Let’s start with the hair, shall we?

Nothing says 80’s like big hair, a tucked in slouchy shirt and a machine gun. Am I right?

And nothing says badass like big hair and a bike.

But what this movie really had going for it was its amazing lineup of shoes. Inexplicably, these two girls managed to find time to change their outfits hourly while also trying to survive in a post-apocalyptic world. And I don’t know who filmed this movie, but they obviously appreciated shoes as much as I do, because there was a lot of weird, prolonged shoe-level shots. I actually made my brother rewind the movie so that I could double-take the boots the protagonist was wearing here:

Strange, piratey, a little bit martianish, and undeniably eighties. I know, I know, the nineties are the new eighties. But I don’t care. I love these boots anyways.
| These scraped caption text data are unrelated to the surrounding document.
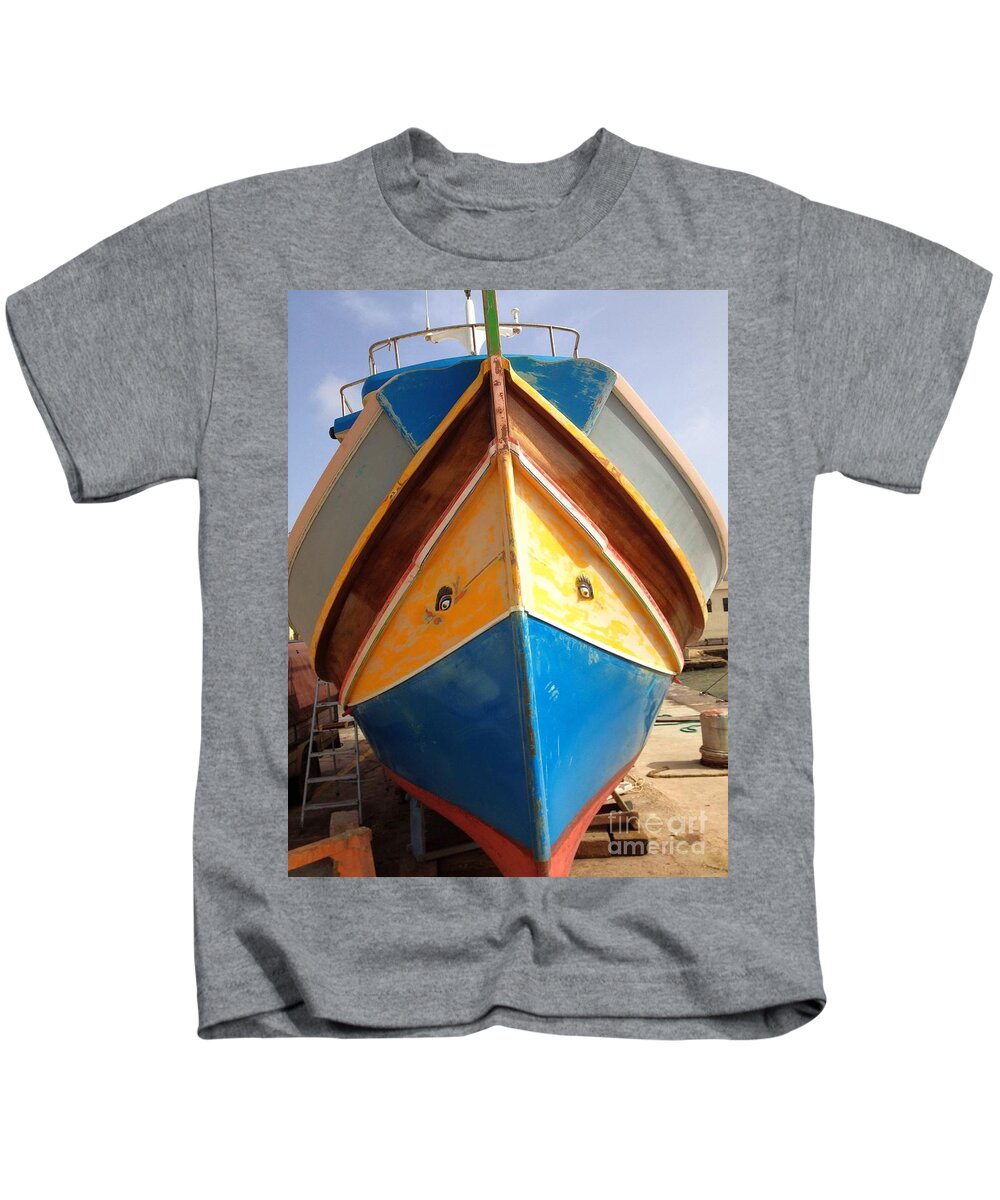 Boat Kids T-Shirt featuring the photograph Luzzu fishing boat by Noa Yerushalmi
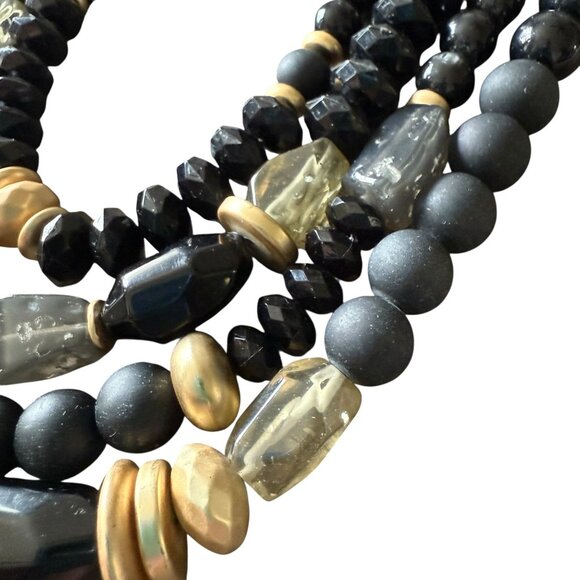 Chicos Statement Multi-Strand Beaded Necklace Black Gold Adjustable Length - Picture 4 of 9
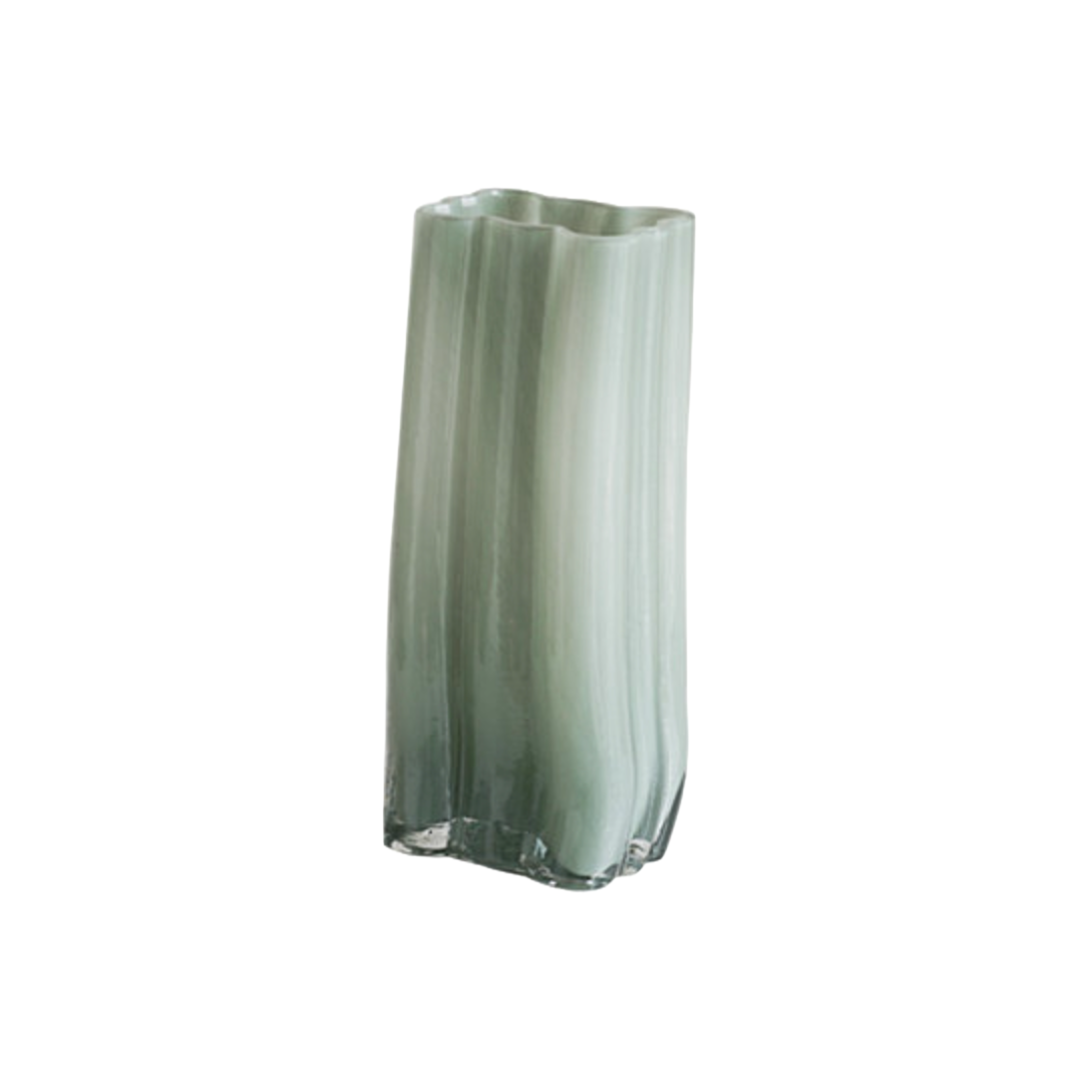 Teal Sculptured Glass Vase Tall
Yes, All Stars are sooo played out, but I love the contrast of the bright folded up sock against the blue and pink. Plus, hello, boombox anyone? Yes please.

Lastly, I was so stoked when the camera lingered on a shoe shot of these boots. I recently bought boots almost identical to these and had no idea how to wear them (much like anything I own that is remotely related to fashion). Now I just need to find a pair of slouchy socks and I am going to own this look like there’s no tomorrow (maybe there won’t be…if a killer comet comes! Yeah, I’m lame).

So, to recap: terrible plot, awful dialogue, but really good shoes. Plus, there’s a guy in the movie who dresses like this:

So, make of it what you will. I just want to find me some slouchy socks.